Sunday, March 06, 2005

There Are No Straight Lines in Lima

I know I have only been here a week, and that my knowledge of Lima and its many cultures is limited. I realize that I am like Ransom in C.S. Lewis' "Out of the Silent Planet": "He did not yet know things well enough to see them." But in order to know them, I must think on them.

I didn't expect Lima to be a completely different world. I expected different food, different etiquette, different norms, different relational standards. What I think I've come upon, though, are not different things, but a kind of other. Nothing, so far, has been able to fit in my different category. People here don't drive differently; they are working within another system entirely.

Or the children for example. I've found (and the Matthews also agreed) that it is terribly common here for children to whine and speak with incredibly loud and annoying voices - some describe it as a "child-run society". That would be different. Try as I may, though, I can't fit it into a category. Because as I watch Romina and Janella on a daily basis, I am awed by their understanding of the household as an economy. They make up their beds every morning without asking; they know if Martha is late getting home in the afternoon to start cooking and know how to do so; they quietly and joyfully obey their parents. What is this? For some reason, to me, I can't describe it as different, but as other.

Cultures don't seem to exist in some sort of file folder system of categorization. It's made up of so many nuances and mixed standards (that I didn't know you could mix) that it's almost hard to compare America and Lima.

Geez...what does that mean?

Thursday, March 03, 2005

For those who have traveled...

Peruvians are very late people. It's sort of funny, because I struggle with being on time (as anyone who knows me at least superficially can affirm). Here, though, they are LATE. We're supposed to eat lunch at two, and Martha serves it at 3:30. We're supposed to then be at a birthday party at 4:00 and we get there at 6:00. :) It's mostly amusing, but then I think about the obvious connotations it has here in the states of disrespect, bad stewardship and self-centeredness.

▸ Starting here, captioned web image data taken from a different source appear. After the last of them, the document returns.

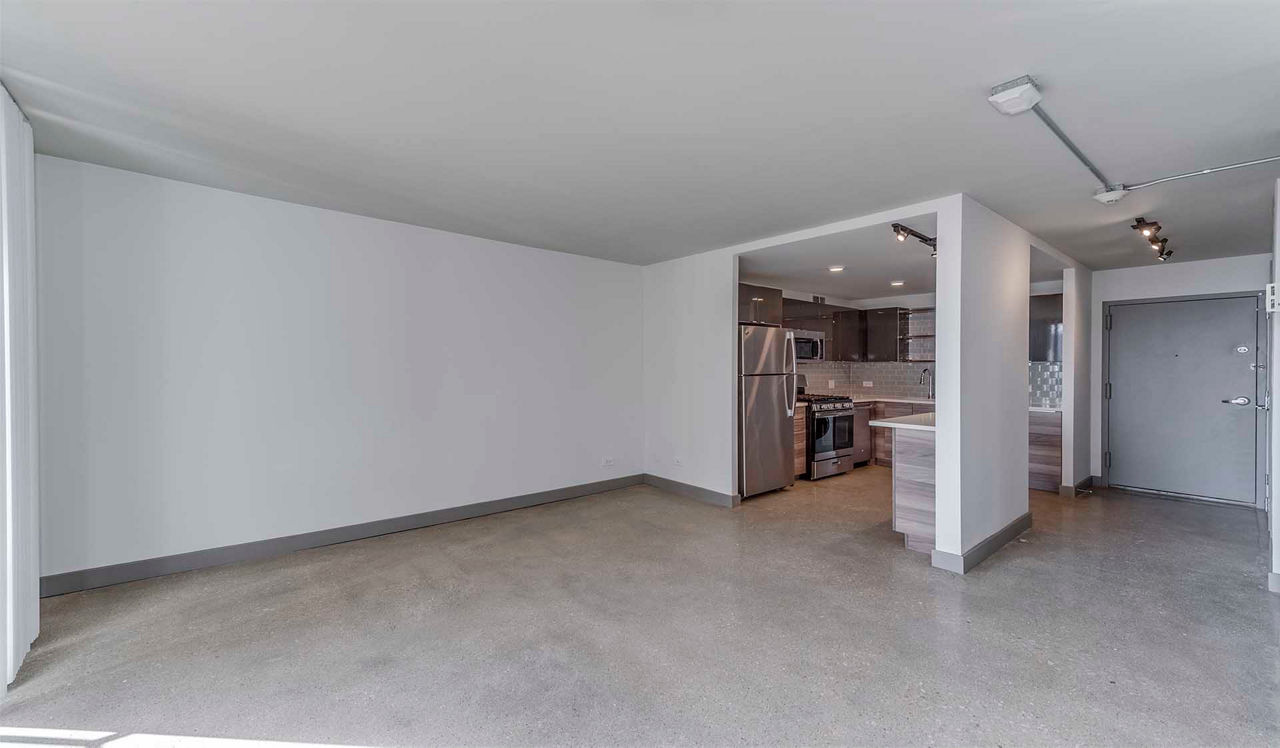 Yorktown - Lombard, IL - living area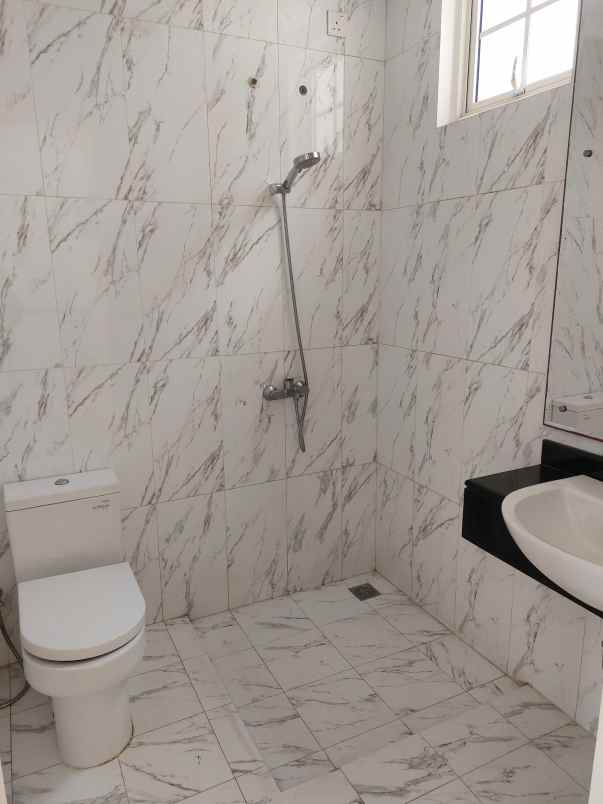 dijual rumah podomoro park bandung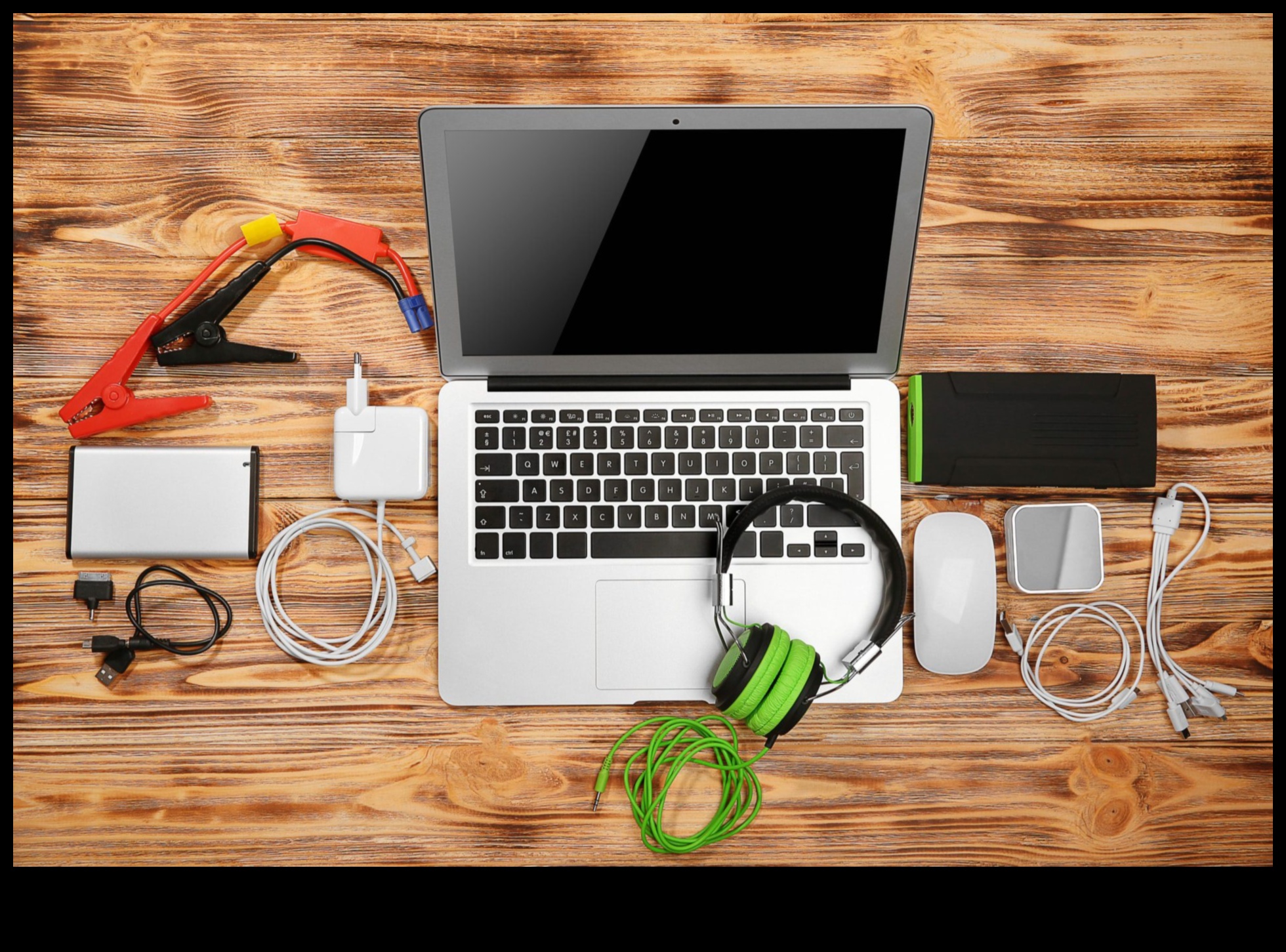 كماليات الكمبيوتر المحمول: الملحقات التي لا غنى عنها للتنقل الحديث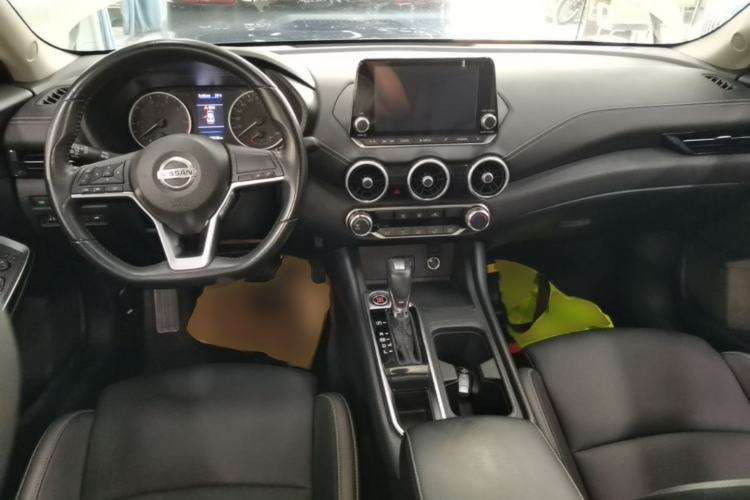 Used Nissan Sylphy 2020 1.6L XL CVT Enjoyment Edition Center Console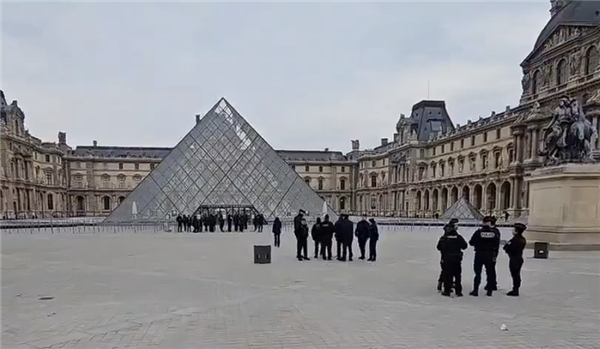 不是第一次被盗了！卢浮宫失窃藏品清单公布：8件为无价之宝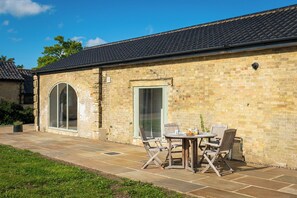 Outdoor dining - Long Range 1, Henham Park Nr Southwold (Beccles)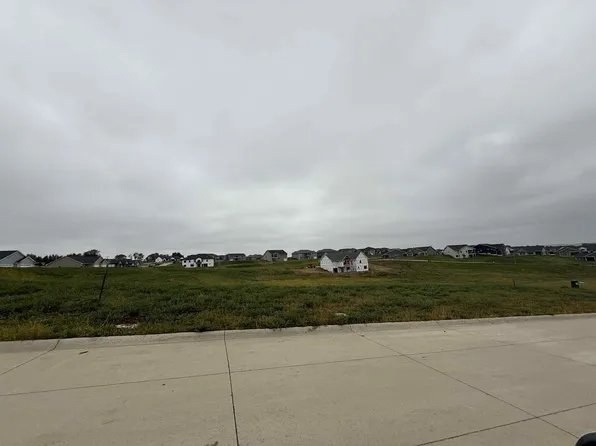 LOT 85 Wagon Wheel Ln, Dubuque, IA 52002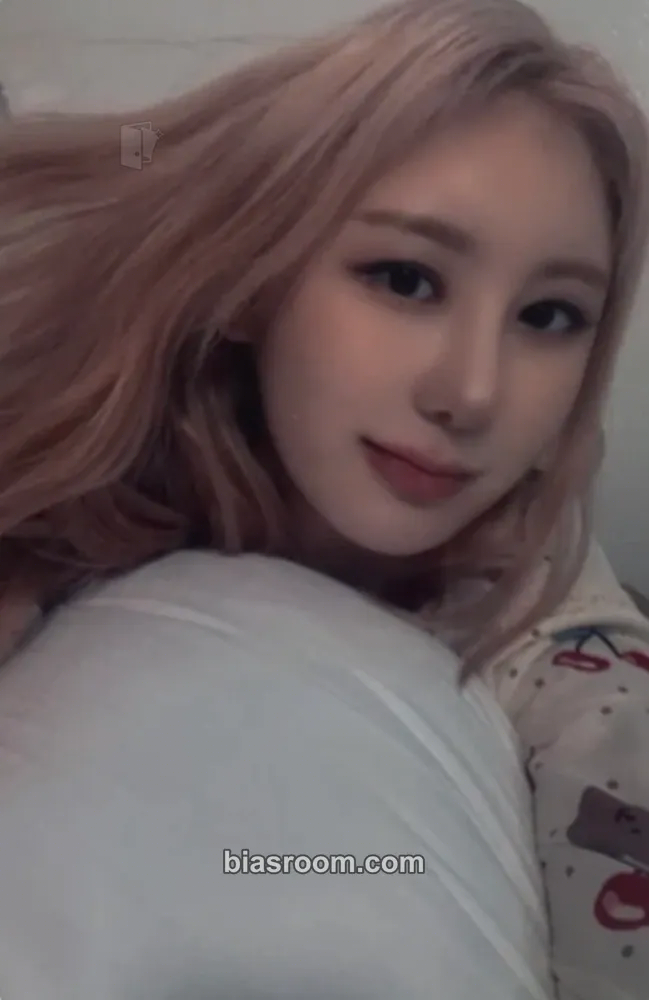 Lee Chaeyeon Over The Moon Photocard - Lee Chaeyeon K-pop photocard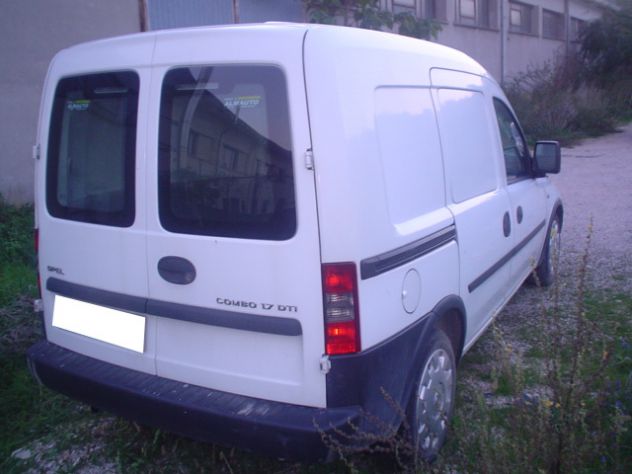 Opel Combo 1.7 DTI 3p. Van - Foto 5
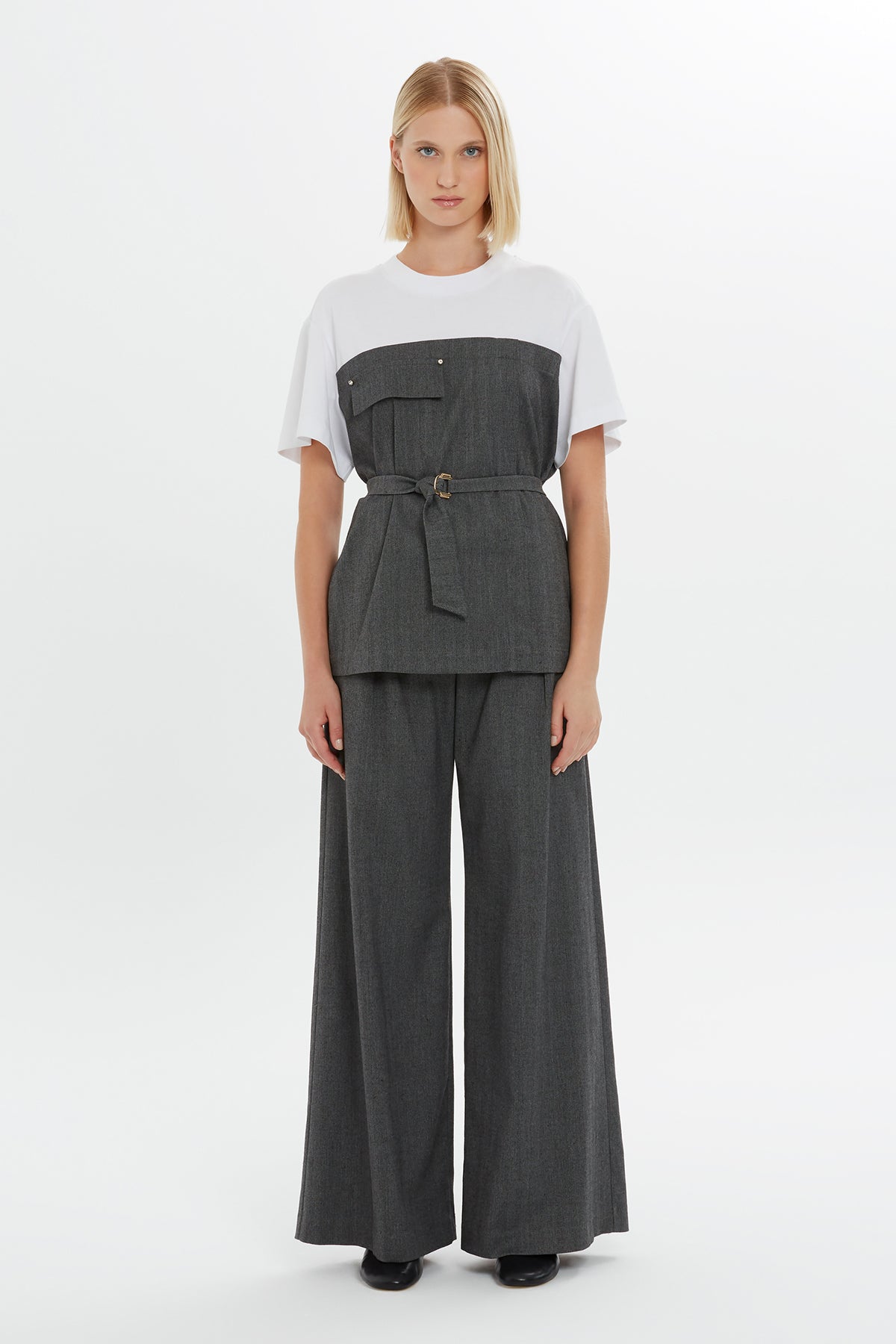 Seyyar Kuşaklı Göğüs Üstü Kesikli Yandan Yırtmaçlı Kısa Kollu Bluz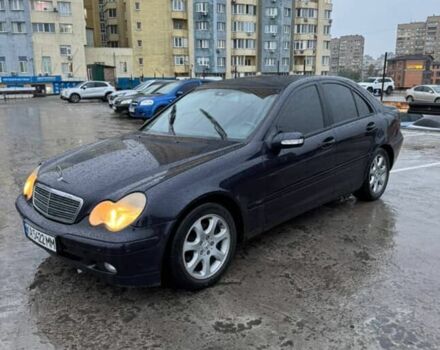 Мерседес Ц-Клас 2001 у Репке на Automoto.ua Синій Мерседес Ц-Клас, об'ємом двигуна 2.1 л та пробігом 277 тис. км за 4300 $, фото 1 на Automoto.ua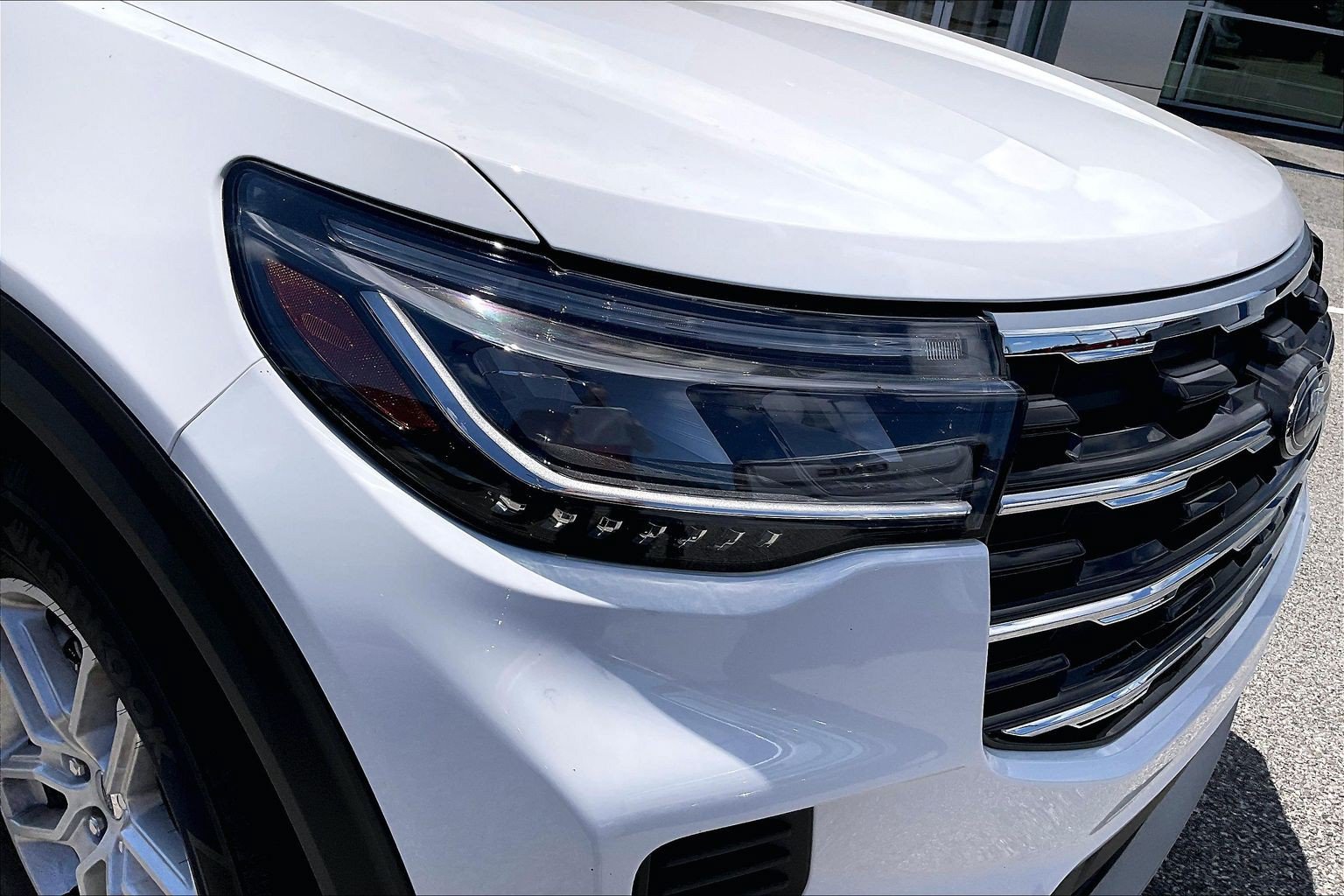 Certified 2025 Ford Explorer Active RWD image 27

There are several other cultural distinctives here in Peru that would also be considered bad in the States. For example, I've noticed that Peruvian children are generally more whiny and complain a LOT. One daughter I know whines with this incredibly annoying high-pitched sort of cry whenever she simply wants something. Not to say there aren't children who do not - or that there are not children in the States who do. Just that from my limited experience here in Peru living with a family, it's a tendency that is accepted as normal by many.

These things that are considered wrong or bad in America are normal here. But is that just cultural? Doesn't the Bible speak to these things? We're to do everything without complaining or whining; we put others before ourselves; we do everything as if for the Lord; we keep our word. Does that not rip away the neutrality of these things? That's question/thesis number one.

Question/thesis number two is this:
If these things ARE actually bad, and the Americans have it correct that people SHOULD be on time and shouldn't allow whining (for examples), then is it possible that the American culture has some sort of advantage over others (like Peru) in that since it was founded by Christians many of the norms are biblical?